8. The semi-solid die-casting aluminum alloy according to claim 1, wherein the semi-solid die-casting aluminum alloy has a tensile strength of not less than 370 MPa, a yield strength of not less than 290 MPa, and an elongation of not less than 5.5%.

9. The semi-solid die-casting aluminum alloy according to claim 2, wherein the semi-solid die-casting aluminum alloy has a tensile strength of not less than 380 MPa, a yield strength of not less than 300 MPa, and an elongation of not less than 6%.

10. A method for preparing a semi-solid die-casting aluminum alloy casting, comprising:

after performing ratio smelting on aluminum alloy raw materials, performing semi-solid die casting to obtain the semi-solid die-casting aluminum alloy casting,

wherein the aluminum alloy raw materials are such that the obtained semi-solid die-casting aluminum alloy casting comprises:

based on the total weight of the aluminum alloy casting, 7.5 to 9.5 wt % of Si, 3.5 to 4.8 wt % of Cu, 0.5 to 0.75 wt % of Mn, 0.01 to 0.5 wt % of Ti, 0.01 to 0.35 wt % of rare earth element, and the balance of aluminum and inevitable impurities.
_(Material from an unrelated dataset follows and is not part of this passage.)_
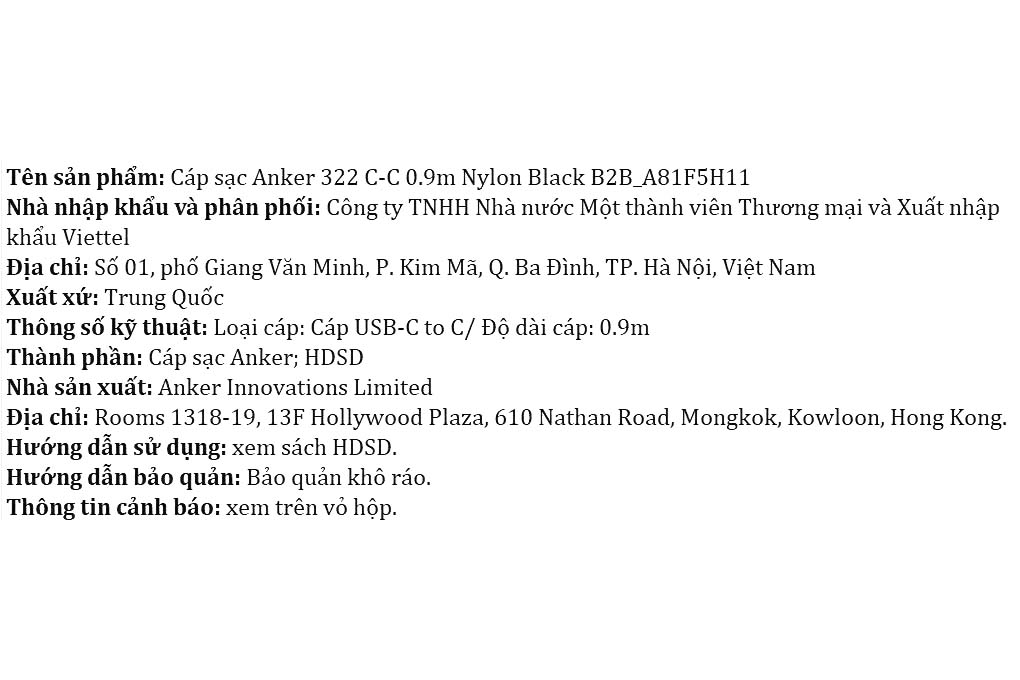 Cáp sạc nhanh và truyền dữ liệu Type-C - Type-C 60W 0.9m Anker 322 A81F5 - 6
11. The method according to claim 10, wherein the aluminum alloy raw materials are such that the obtained semi-solid die-casting aluminum alloy casting comprises: based on the total weight of the semi-solid die-casting aluminum alloy casting, 8.0 to 9.0 wt % of Si, 3.5 to 4.5 wt % of Cu, 0.5 to 0.6 wt % of Mn, 0.05 to 0.25 wt % of Ti, 0.15 to 0.25 wt % of rare earth element, and the balance of aluminum and inevitable impurities.

12. The method according to claim 10, wherein the aluminum alloy raw material is elemental metals or metal alloys.
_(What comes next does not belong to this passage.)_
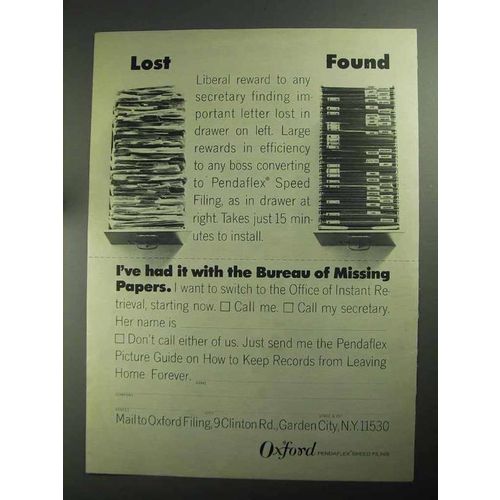 1968 Oxford Pendaflex Speed Filing Ad - Missing Papers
13. The method according to claim 12, wherein the aluminum alloy raw materials are elemental aluminum or an alloy of aluminum, elemental silicon or an alloy of silicon, elemental copper or an alloy of copper, elemental manganese or an alloy of manganese, elemental titanium or an alloy of titanium, and an elemental rare earth element or an alloy containing a rare earth element.

14. The method according to claim 12, wherein the aluminum alloy raw materials are elemental aluminum, an Al—Si alloy, an Al—Ti alloy, an Al—Cu alloy, an Al—Mn alloy and an Al—Re intermediate alloy.

15. The method according to claim 12, wherein the purity of the elemental metal is 99.9 wt % or more, and the total content of the alloying elements in the metal alloy is 99.9 wt % or more.